Several weeks later a slightly more optimistic item appeared in the March 1888 edition of the Druggist Circular and Chemical Gazette.
The assignee of Wm. F. Kidder & Co., reports the nominal assets at $38,000, actual assets $21,000 and gross liabilities $62,000. There is an effort being made to effect a settlement with the creditors that business may be resumed.
It appears that Kidder did in fact continue in business, remaining with the company for several more years. Both the company and Kidder were still listed at 83 John Street with the the classification “patent medicines” in the 1890/1891 NYC Directory. However, the next year the company moved to 19 Beekman Street and by that time Kidder was no longer included at that address.
The 1895 NYC Copartnership and Corporation Directory listed Wm F. Kidder & Co. as a New Jersey Corporation with capital of $12,000 (I don’t have access to 1891 to 1894). Still located at 19 Beekman Street, George Currier was named as president and Frank W. Bailey and Horace W. Campbell as secretary and treasurer respectively.
Sometime around 1900 the company moved to 26 Cliff Street where it was still listed with the same officers in the 1902 NYC Copartnership and Corporation Directory. It had vanished from the directories by 1904.

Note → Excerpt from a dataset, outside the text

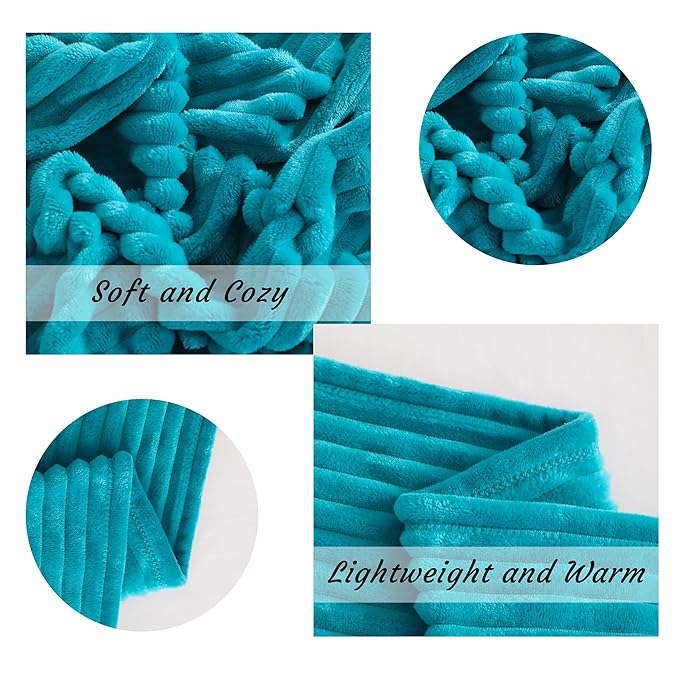 NTBAY Plush Flannel Twin Bed Blanket, 60X80 Inches Soft and Warm Lightweight Blanket with Striped Texture Bed Blanket for Couch Sofa Bed All Seasons, 60"x80", Turquoise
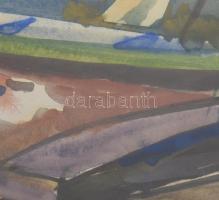 Kőhegyi Gyula (1933-): Csónakok a mederben. Akvarell, papír. Jelzett, üvegezett keretben 32x35 cm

The bottle I found is a 12 oz mouth blown medicine embossed “Wm. F Kidder, New York.” That puts it within one of two time periods when the company operated solely under his name – 1874 to 1877 or 1884 to 1903. The bottle was almost certainly manufactured during the latter. I suspect it’s from the mid to late 1880’s when the company heavily advertising “Dygestylin” to the general public (price $1 per large bottle according to the above advertisement).